_Task statement_: Reproduce the records below exactly; no pictures.
#### Records to process ####
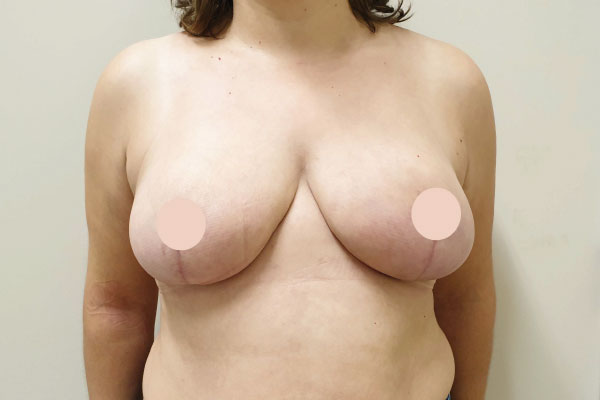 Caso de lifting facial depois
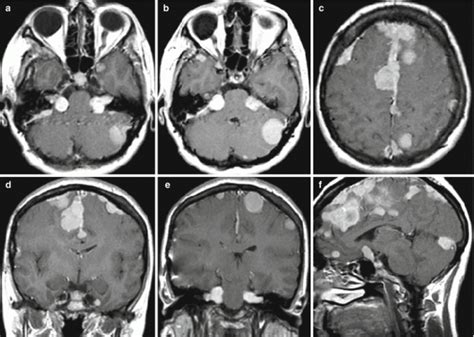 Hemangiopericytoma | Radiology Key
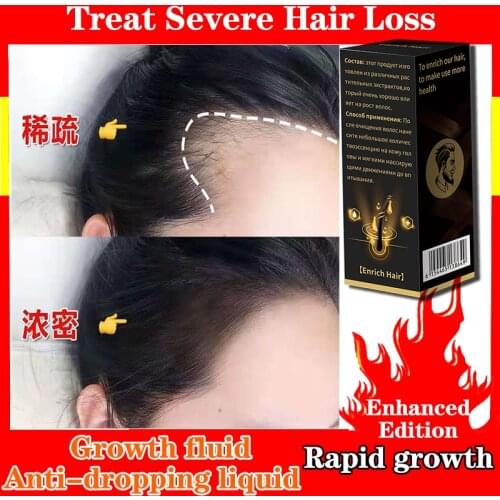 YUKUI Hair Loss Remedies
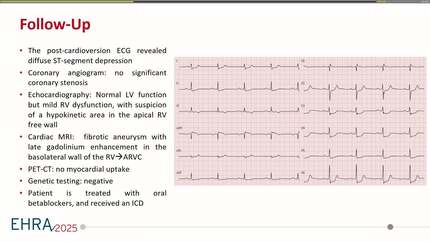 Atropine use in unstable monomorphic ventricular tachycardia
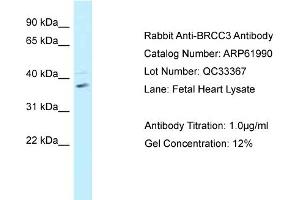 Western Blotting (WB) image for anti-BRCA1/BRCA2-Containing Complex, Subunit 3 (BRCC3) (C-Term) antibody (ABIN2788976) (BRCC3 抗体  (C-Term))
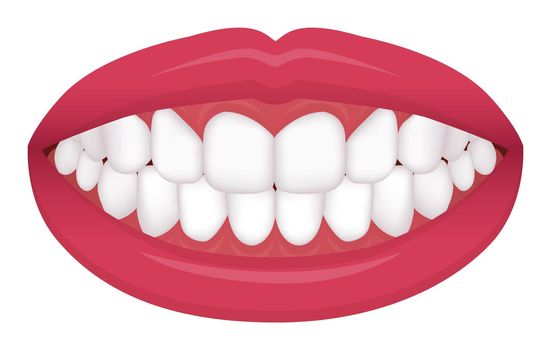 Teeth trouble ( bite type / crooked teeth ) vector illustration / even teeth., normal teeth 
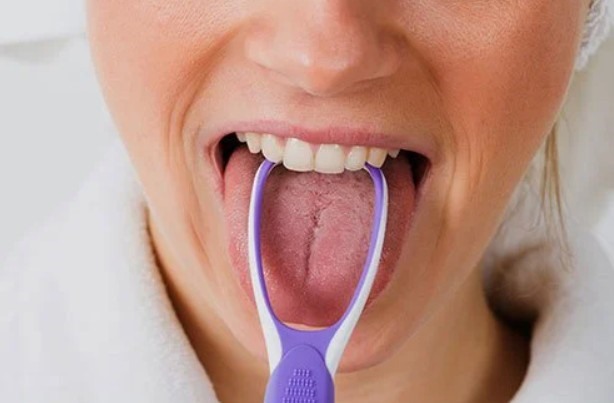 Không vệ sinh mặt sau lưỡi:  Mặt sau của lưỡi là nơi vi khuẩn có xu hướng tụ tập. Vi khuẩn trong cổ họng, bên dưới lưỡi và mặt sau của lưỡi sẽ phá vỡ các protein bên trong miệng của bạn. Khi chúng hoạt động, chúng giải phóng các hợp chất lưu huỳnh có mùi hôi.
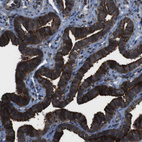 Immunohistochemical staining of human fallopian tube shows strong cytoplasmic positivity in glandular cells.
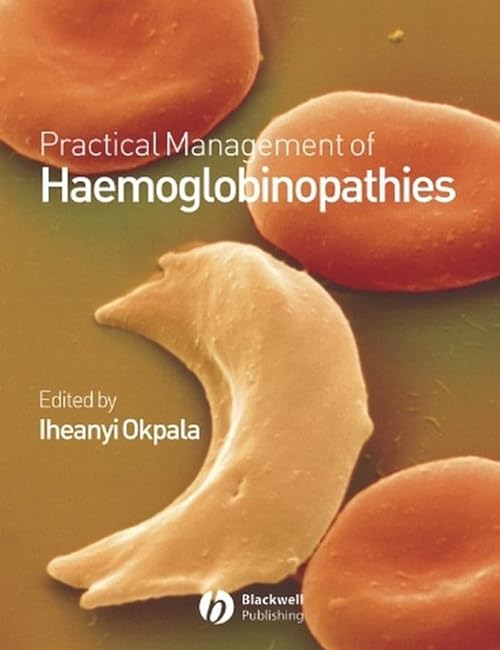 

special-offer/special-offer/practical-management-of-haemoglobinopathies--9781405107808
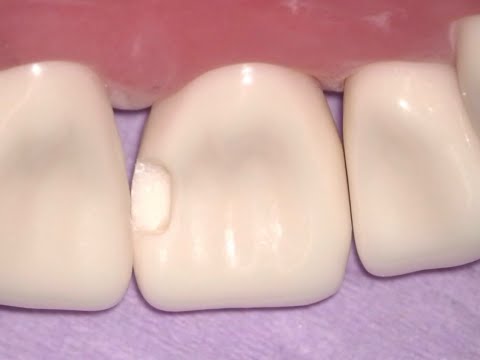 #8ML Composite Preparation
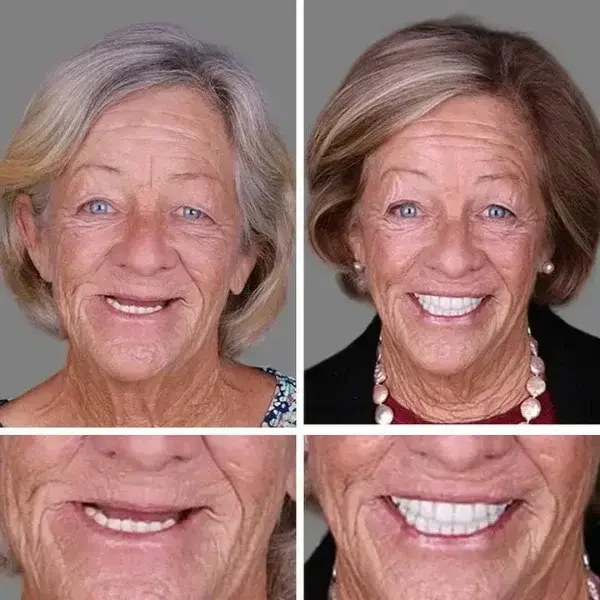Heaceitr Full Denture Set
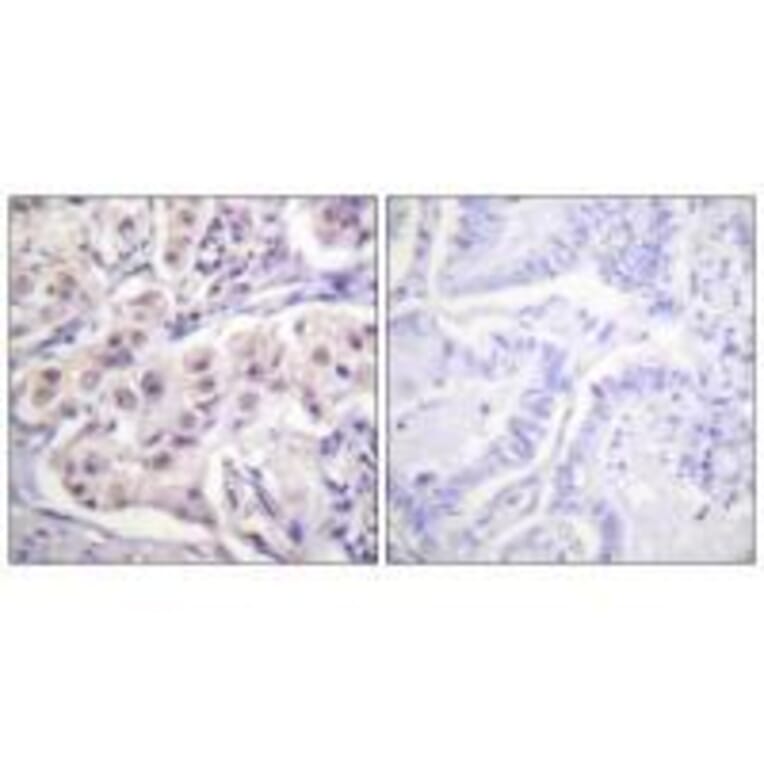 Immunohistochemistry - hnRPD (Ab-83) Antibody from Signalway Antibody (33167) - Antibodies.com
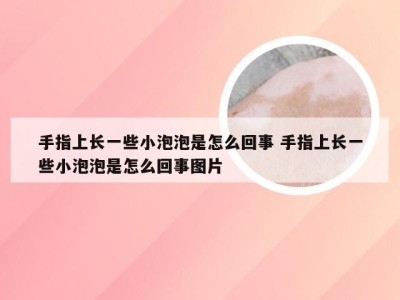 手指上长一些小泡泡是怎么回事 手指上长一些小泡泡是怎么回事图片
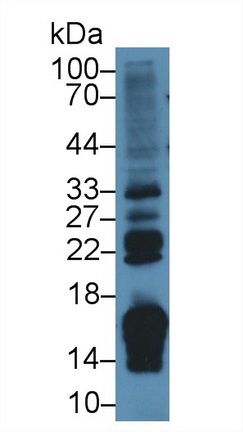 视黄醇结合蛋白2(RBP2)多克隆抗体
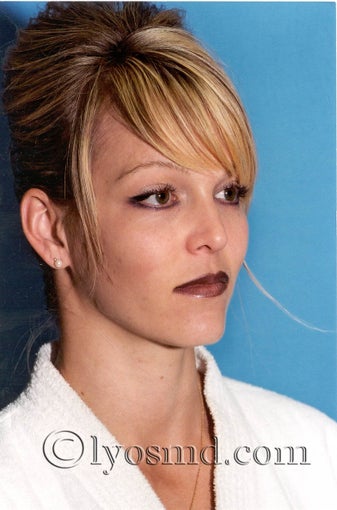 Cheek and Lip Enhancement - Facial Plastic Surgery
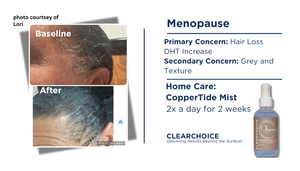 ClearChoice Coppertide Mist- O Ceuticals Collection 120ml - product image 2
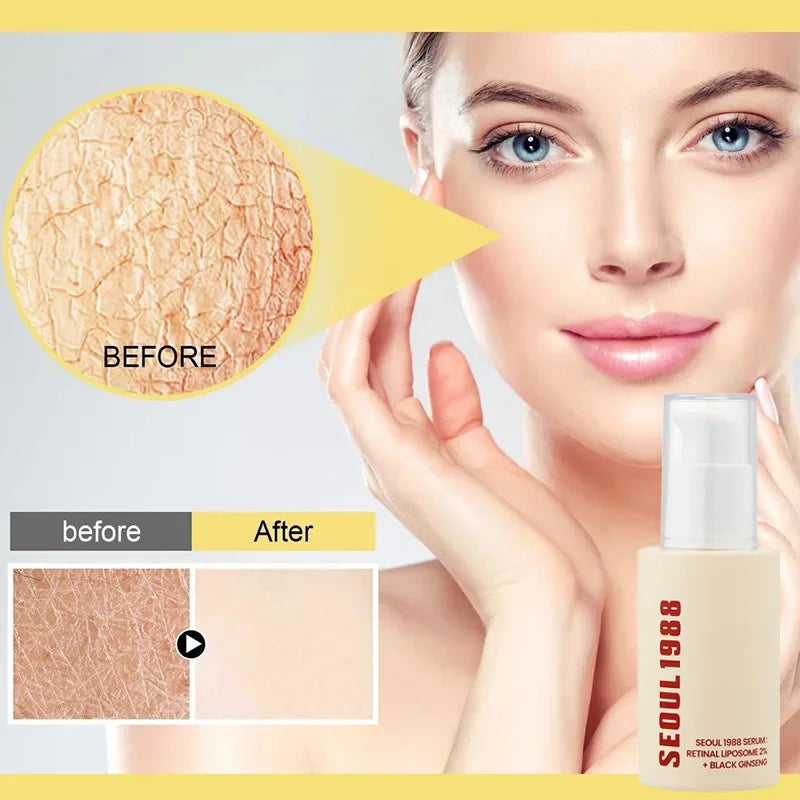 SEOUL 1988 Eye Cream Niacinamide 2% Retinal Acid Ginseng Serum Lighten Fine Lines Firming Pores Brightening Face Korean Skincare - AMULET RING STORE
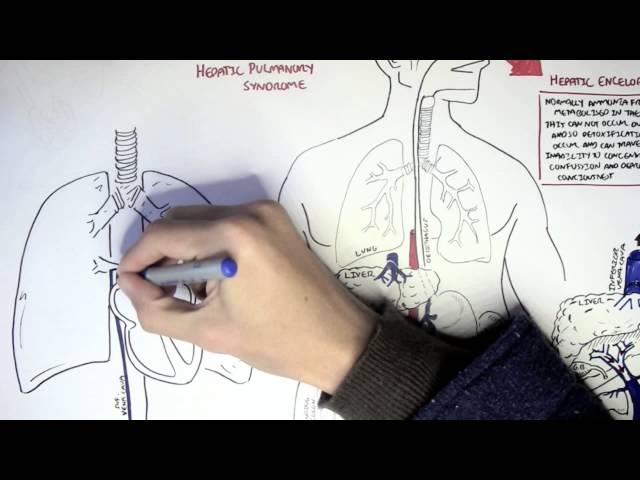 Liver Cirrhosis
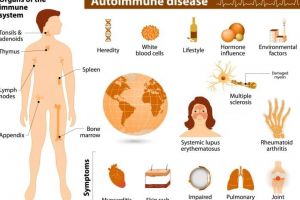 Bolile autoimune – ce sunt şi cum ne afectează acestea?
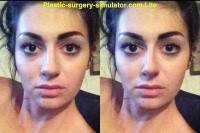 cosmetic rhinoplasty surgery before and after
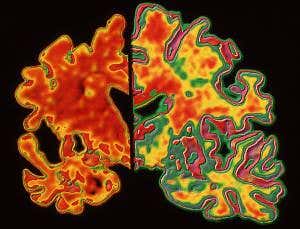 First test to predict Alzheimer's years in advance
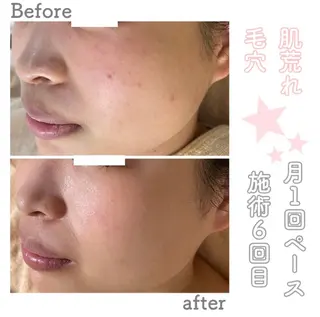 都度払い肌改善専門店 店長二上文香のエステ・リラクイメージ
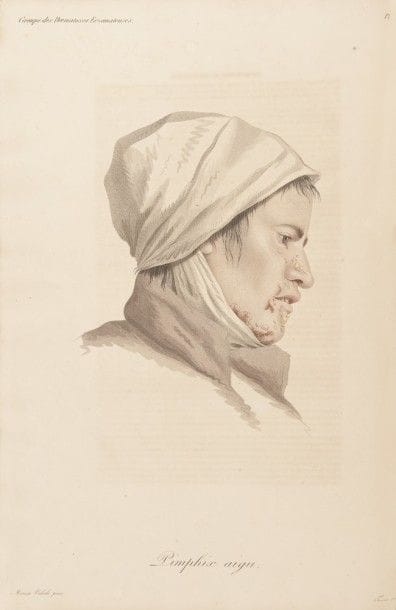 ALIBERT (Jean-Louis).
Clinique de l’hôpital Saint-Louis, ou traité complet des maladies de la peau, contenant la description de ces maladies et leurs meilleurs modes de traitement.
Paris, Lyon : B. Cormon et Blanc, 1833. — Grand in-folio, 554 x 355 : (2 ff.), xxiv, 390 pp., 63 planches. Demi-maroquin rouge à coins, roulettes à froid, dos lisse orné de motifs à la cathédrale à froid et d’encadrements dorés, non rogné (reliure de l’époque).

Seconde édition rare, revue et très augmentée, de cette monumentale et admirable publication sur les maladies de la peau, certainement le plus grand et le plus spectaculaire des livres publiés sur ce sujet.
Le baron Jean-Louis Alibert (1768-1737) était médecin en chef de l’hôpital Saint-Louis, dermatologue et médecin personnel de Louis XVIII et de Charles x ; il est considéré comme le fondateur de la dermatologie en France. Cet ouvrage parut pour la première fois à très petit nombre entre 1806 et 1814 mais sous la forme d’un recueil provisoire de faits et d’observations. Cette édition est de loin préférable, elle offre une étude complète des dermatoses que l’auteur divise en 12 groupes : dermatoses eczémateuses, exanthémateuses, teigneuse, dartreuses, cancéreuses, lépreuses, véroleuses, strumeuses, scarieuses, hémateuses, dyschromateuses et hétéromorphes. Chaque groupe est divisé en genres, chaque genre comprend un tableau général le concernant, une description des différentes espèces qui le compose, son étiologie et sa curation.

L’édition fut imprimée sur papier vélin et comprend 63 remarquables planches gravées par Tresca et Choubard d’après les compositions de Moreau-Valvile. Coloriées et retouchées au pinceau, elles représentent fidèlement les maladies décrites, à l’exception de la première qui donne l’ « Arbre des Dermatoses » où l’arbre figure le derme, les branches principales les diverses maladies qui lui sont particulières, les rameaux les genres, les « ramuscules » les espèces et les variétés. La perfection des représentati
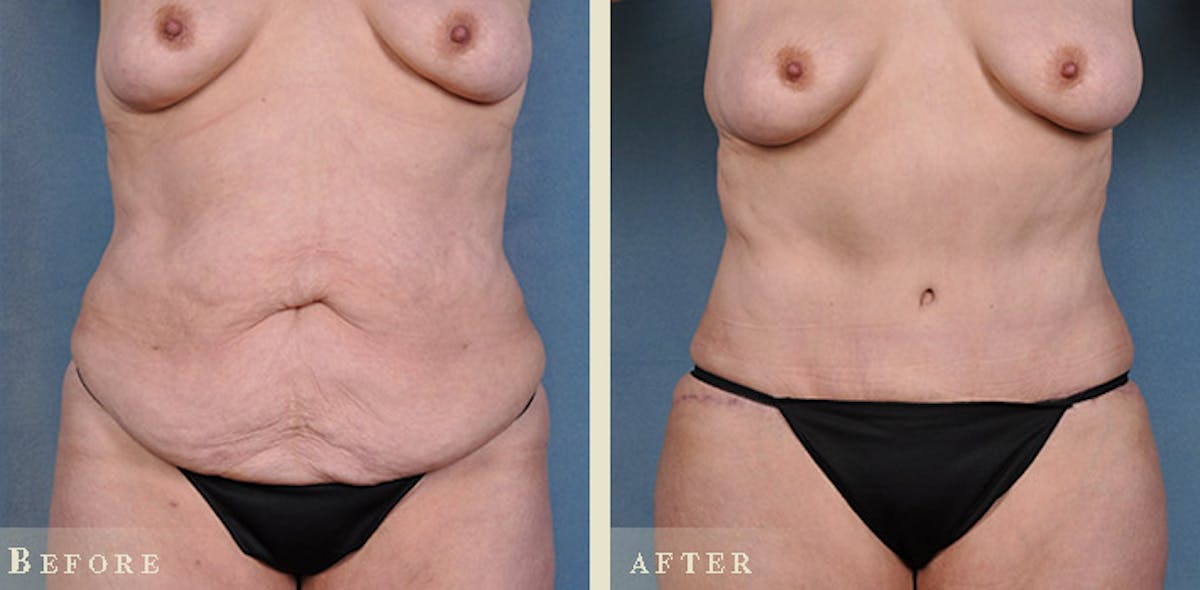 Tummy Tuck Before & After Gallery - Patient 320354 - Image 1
####
_Output for this task_:
 Caso de lifting facial depois
 Hemangiopericytoma | Radiology Key
 YUKUI Hair Loss Remedies
 Atropine use in unstable monomorphic ventricular tachycardia
 Western Blotting (WB) image for anti-BRCA1/BRCA2-Containing Complex, Subunit 3 (BRCC3) (C-Term) antibody (ABIN2788976) (BRCC3 抗体  (C-Term))
 Teeth trouble ( bite type / crooked teeth ) vector illustration / even teeth., normal teeth 
 Không vệ sinh mặt sau lưỡi:  Mặt sau của lưỡi là nơi vi khuẩn có xu hướng tụ tập. Vi khuẩn trong cổ họng, bên dưới lưỡi và mặt sau của lưỡi sẽ phá vỡ các protein bên trong miệng của bạn. Khi chúng hoạt động, chúng giải phóng các hợp chất lưu huỳnh có mùi hôi.
 Immunohistochemical staining of human fallopian tube shows strong cytoplasmic positivity in glandular cells.

special-offer/special-offer/practical-management-of-haemoglobinopathies--9781405107808
 #8ML Composite Preparation
Heaceitr Full Denture Set
 Immunohistochemistry - hnRPD (Ab-83) Antibody from Signalway Antibody (33167) - Antibodies.com
 手指上长一些小泡泡是怎么回事 手指上长一些小泡泡是怎么回事图片
 视黄醇结合蛋白2(RBP2)多克隆抗体
 Cheek and Lip Enhancement - Facial Plastic Surgery
 ClearChoice Coppertide Mist- O Ceuticals Collection 120ml - product image 2
 SEOUL 1988 Eye Cream Niacinamide 2% Retinal Acid Ginseng Serum Lighten Fine Lines Firming Pores Brightening Face Korean Skincare - AMULET RING STORE
 Liver Cirrhosis
 Bolile autoimune – ce sunt şi cum ne afectează acestea?
 cosmetic rhinoplasty surgery before and after
 First test to predict Alzheimer's years in advance
 都度払い肌改善専門店 店長二上文香のエステ・リラクイメージ
 ALIBERT (Jean-Louis).
Clinique de l’hôpital Saint-Louis, ou traité complet des maladies de la peau, contenant la description de ces maladies et leurs meilleurs modes de traitement.
Paris, Lyon : B. Cormon et Blanc, 1833. — Grand in-folio, 554 x 355 : (2 ff.), xxiv, 390 pp., 63 planches. Demi-maroquin rouge à coins, roulettes à froid, dos lisse orné de motifs à la cathédrale à froid et d’encadrements dorés, non rogné (reliure de l’époque).

Seconde édition rare, revue et très augmentée, de cette monumentale et admirable publication sur les maladies de la peau, certainement le plus grand et le plus spectaculaire des livres publiés sur ce sujet.
Le baron Jean-Louis Alibert (1768-1737) était médecin en chef de l’hôpital Saint-Louis, dermatologue et médecin personnel de Louis XVIII et de Charles x ; il est considéré comme le fondateur de la dermatologie en France. Cet ouvrage parut pour la première fois à très petit nombre entre 1806 et 1814 mais sous la forme d’un recueil provisoire de faits et d’observations. Cette édition est de loin préférable, elle offre une étude complète des dermatoses que l’auteur divise en 12 groupes : dermatoses eczémateuses, exanthémateuses, teigneuse, dartreuses, cancéreuses, lépreuses, véroleuses, strumeuses, scarieuses, hémateuses, dyschromateuses et hétéromorphes. Chaque groupe est divisé en genres, chaque genre comprend un tableau général le concernant, une description des différentes espèces qui le compose, son étiologie et sa curation.

L’édition fut imprimée sur papier vélin et comprend 63 remarquables planches gravées par Tresca et Choubard d’après les compositions de Moreau-Valvile. Coloriées et retouchées au pinceau, elles représentent fidèlement les maladies décrites, à l’exception de la première qui donne l’ « Arbre des Dermatoses » où l’arbre figure le derme, les branches principales les diverses maladies qui lui sont particulières, les rameaux les genres, les « ramuscules » les espèces et les variétés. La perfection des représentati
 Tummy Tuck Before & After Gallery - Patient 320354 - Image 1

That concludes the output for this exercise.